TASK INSTRUCTIONS:
Exclude the pictures and reproduce exactly the lines that run from the one holding "What does SPPC" to the end of the entries below.
***** ENTRIES SHOWN *****
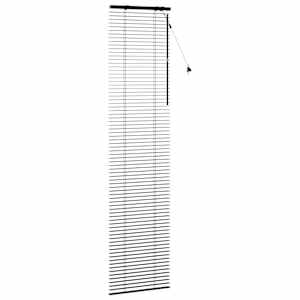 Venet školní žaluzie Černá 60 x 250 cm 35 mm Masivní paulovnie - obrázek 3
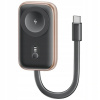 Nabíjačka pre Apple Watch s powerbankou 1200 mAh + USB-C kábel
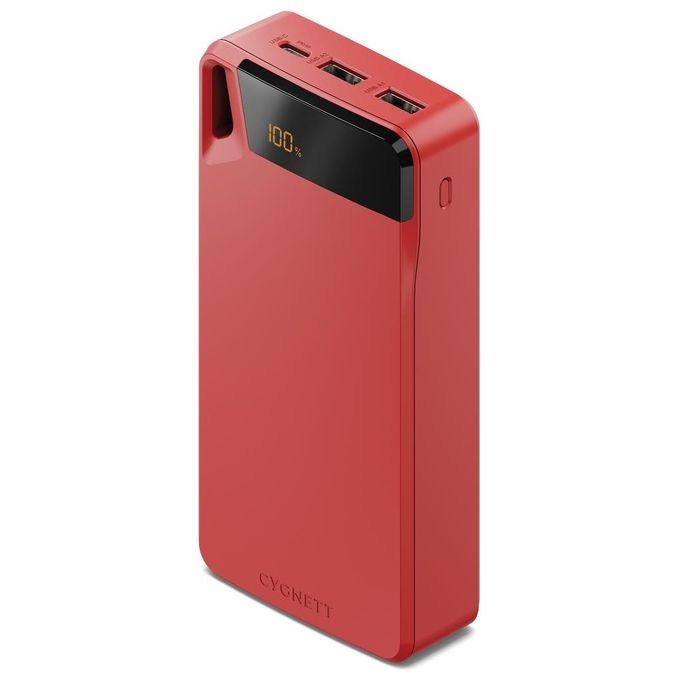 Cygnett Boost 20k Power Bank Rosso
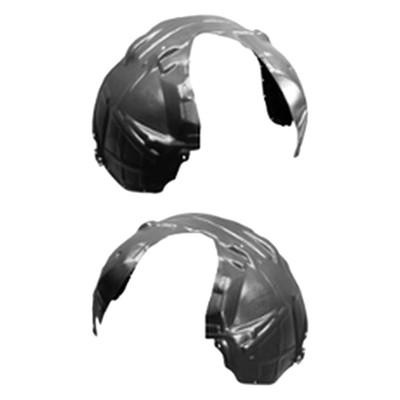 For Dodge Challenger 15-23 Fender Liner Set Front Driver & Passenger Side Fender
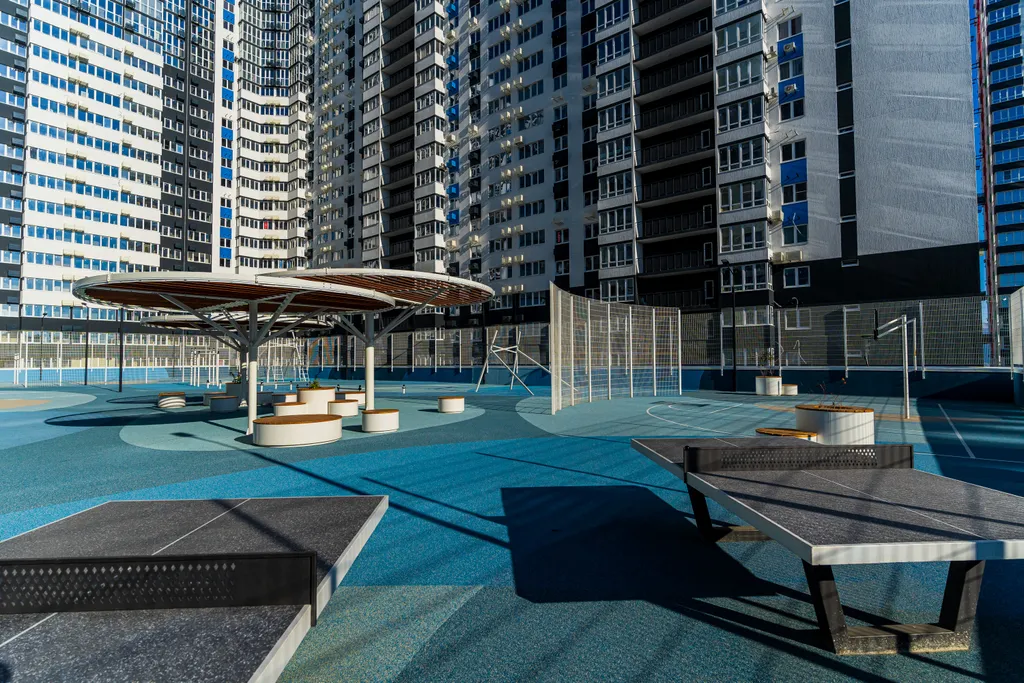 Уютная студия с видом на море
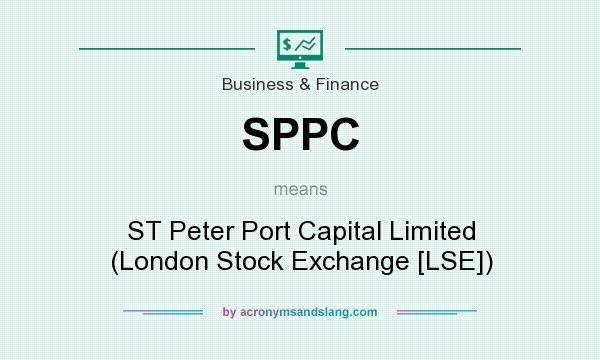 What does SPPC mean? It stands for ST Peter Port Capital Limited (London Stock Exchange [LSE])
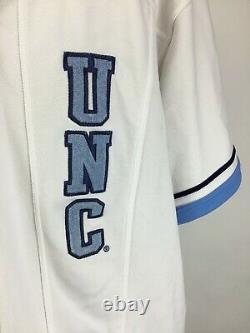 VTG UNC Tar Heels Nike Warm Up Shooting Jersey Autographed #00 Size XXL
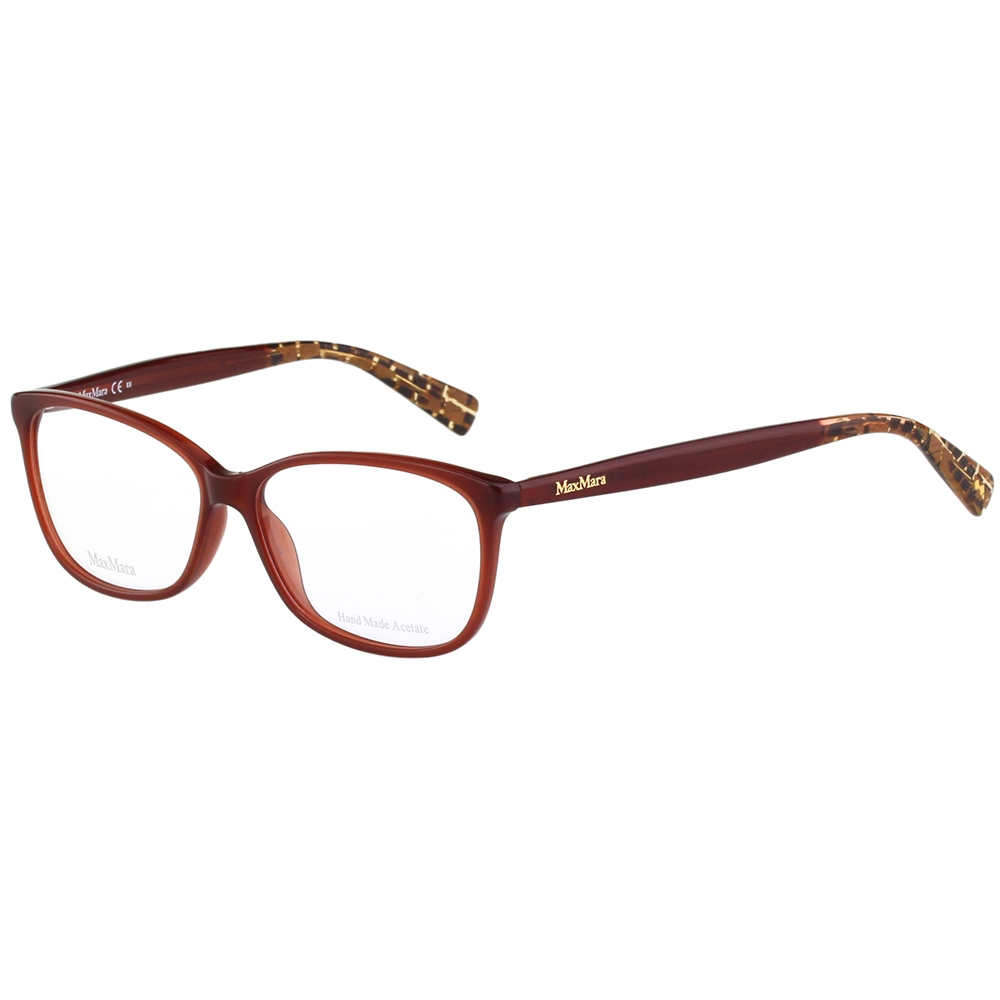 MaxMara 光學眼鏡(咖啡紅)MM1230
*****
EXERCISE ANSWER:
 What does SPPC mean? It stands for ST Peter Port Capital Limited (London Stock Exchange [LSE])
 VTG UNC Tar Heels Nike Warm Up Shooting Jersey Autographed #00 Size XXL
 MaxMara 光學眼鏡(咖啡紅)MM1230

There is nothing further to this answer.